A few days before the meeting of Istanbul, François Nicoullaud, former French ambassador in Tehran (2001-2005), answers questions of the IRNA bureau in Paris.
Having in mind the oncoming meeting in Istanbul, how do you analyze the atmosphere surrounding the revival of the dialogue?
I am personally fairly optimistic about the outcome of the Istanbul meeting. There have been positive declarations on both sides, which indicate a desire to get out of the present deadlock of the nuclear file. And the tone of exchanges between the parties has been rather moderate. Each side seems to have understood the necessity of behaving carefully in order to give a chance to this negotiation.
What do you think about the results of the previous discussions, especially in Geneva?

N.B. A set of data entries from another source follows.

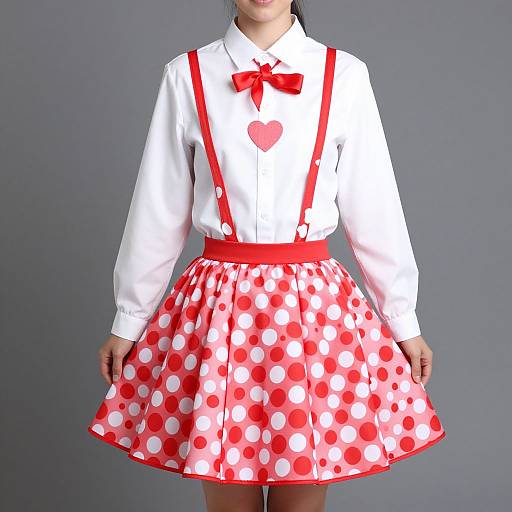 Valentine Red Polka Dot Costume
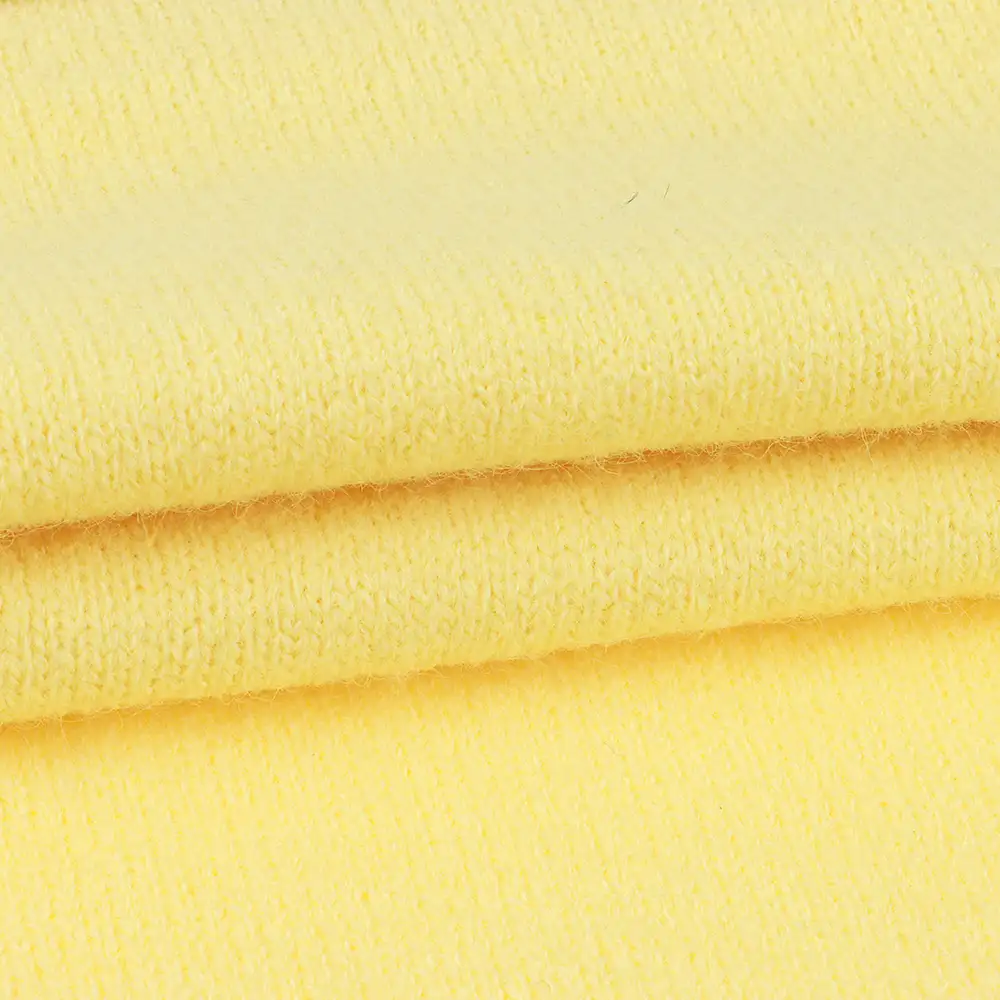 China Yarn for Dresses (Cardigan Open) (Sweater),Crop Top Pullover (Sweater) Core Spun Yarn Regular Yarn Acrylic Nylon PBT yellow color buy from China wholesaler bulk order at wholesale price free worldwide shipping Alibaba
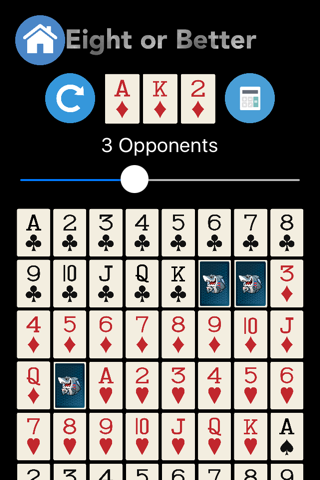 Poker Odds Helper - náhled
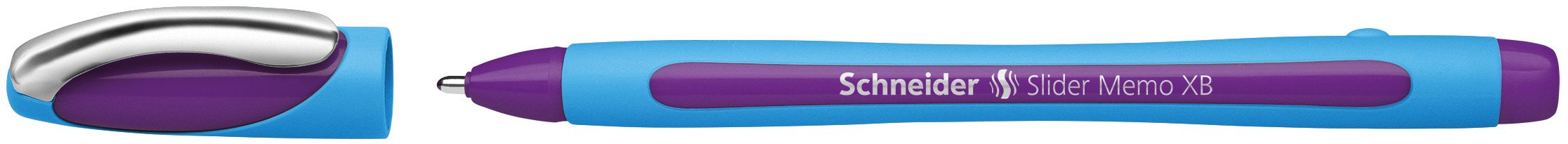 Schneider Slider Memo XB Non-retractable Ballpoint Pen Violet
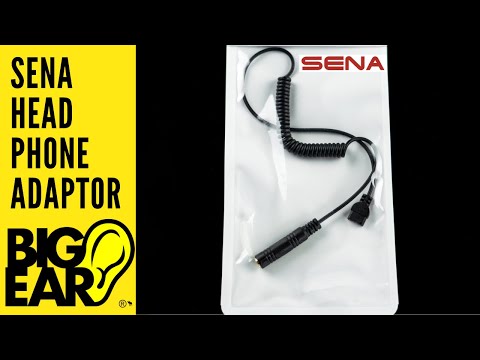 Sena SMH10R Earbud Adapter Cable | Big Ear Custom Earbuds | Nexx | X-COM Sena Adapter to 3.5mm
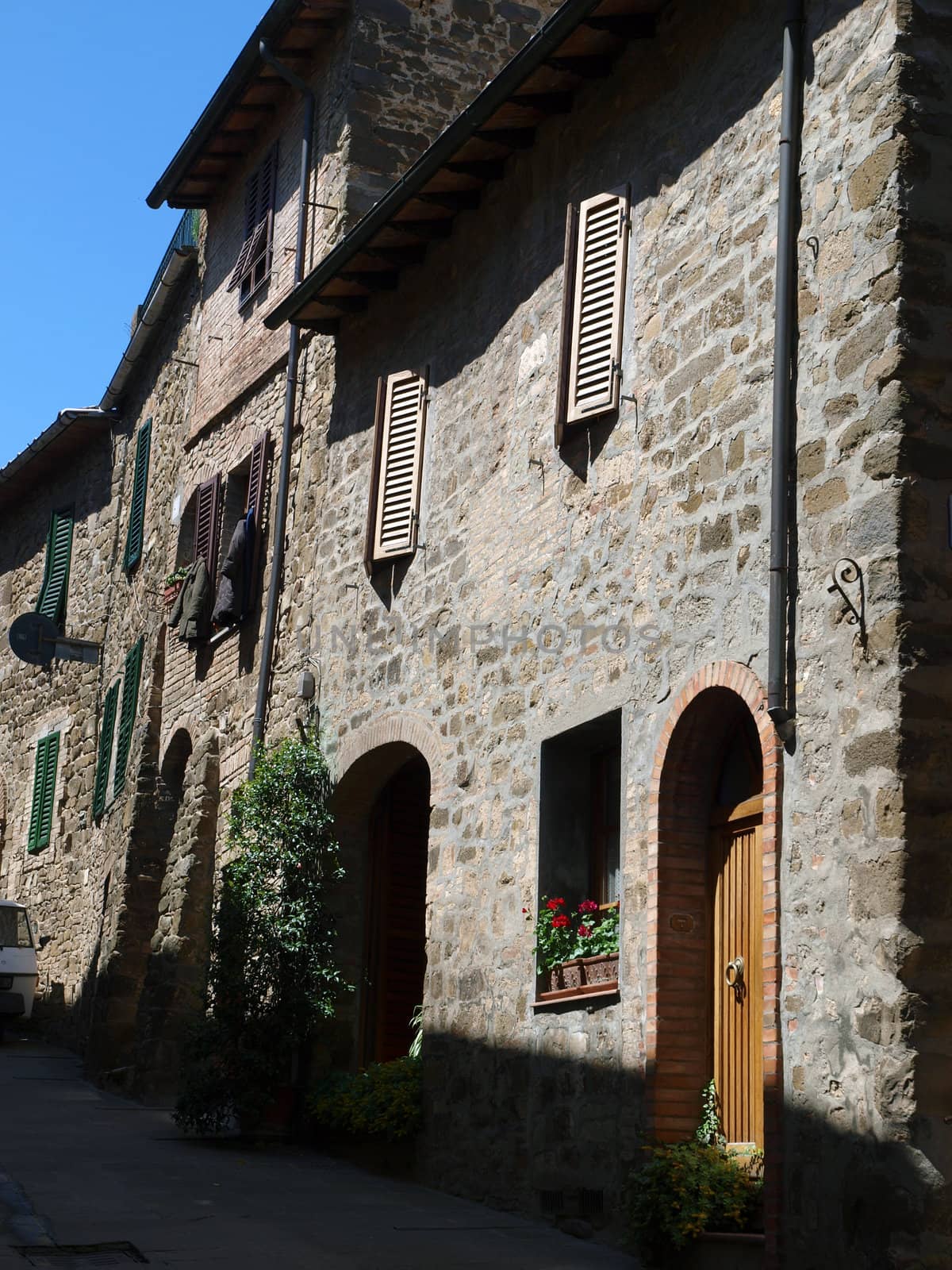 Montalcino - old architecture and fine wine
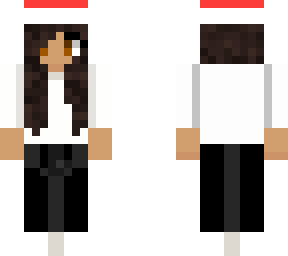 girl with santa hat and the poofy thingy hanging on her shoulder.
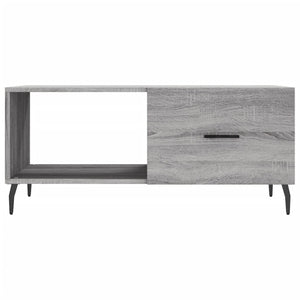 Τραπεζάκι Σαλονιού Γκρι Sonoma 90x50x40 εκ. Επεξεργασμένο Ξύλο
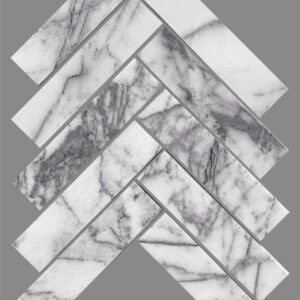 New York Stone Honed Marble Herringbone Geolux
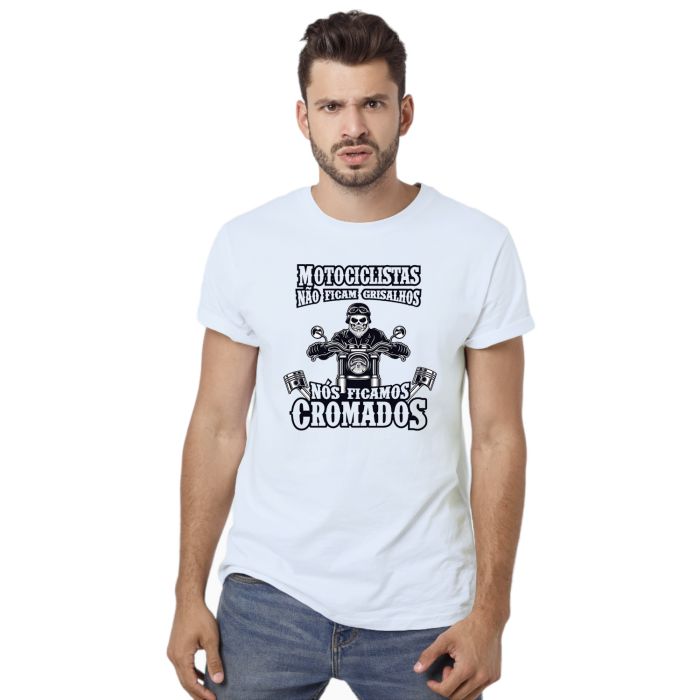 Camiseta Motociclistas Cromados Motoqueiro Personalizada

The meeting of October 2009 in Geneva raised big hopes. An agreement seemed feasible around the idea of exchanging Iranian low enriched uranium for the nuclear fuel needed for the Tehran Research reactor. But people opposed to such an agreement have been able to stop it. There was again some hope after the intervention of Turkey and Brazil in May 2010. But this time again, we have been disappointed. Nevertheless the initiative of these two countries gave a new impetus to the discussions. Thanks mainly to this initiative, a new meeting took place in Geneva in december 2010, opening the way to the Istanbul encounter.
But how this new meeting could lead to a positive result for both parties? What is the formula for a “win-win” agreement?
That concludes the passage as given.